• _About this task_
Copy out exactly the lines from the one containing "Vintage Oak Wooden" to the end of the records below, both included, and nothing else.

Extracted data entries
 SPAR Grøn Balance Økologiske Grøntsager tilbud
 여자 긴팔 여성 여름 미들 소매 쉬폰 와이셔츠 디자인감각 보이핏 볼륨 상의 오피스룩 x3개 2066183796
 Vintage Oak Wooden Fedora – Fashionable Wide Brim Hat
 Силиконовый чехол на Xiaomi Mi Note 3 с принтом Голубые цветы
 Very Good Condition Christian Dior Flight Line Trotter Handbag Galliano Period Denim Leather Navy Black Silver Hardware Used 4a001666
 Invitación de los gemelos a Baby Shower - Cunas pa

• _Answer box_
 Vintage Oak Wooden Fedora – Fashionable Wide Brim Hat
 Силиконовый чехол на Xiaomi Mi Note 3 с принтом Голубые цветы
 Very Good Condition Christian Dior Flight Line Trotter Handbag Galliano Period Denim Leather Navy Black Silver Hardware Used 4a001666
 Invitación de los gemelos a Baby Shower - Cunas pa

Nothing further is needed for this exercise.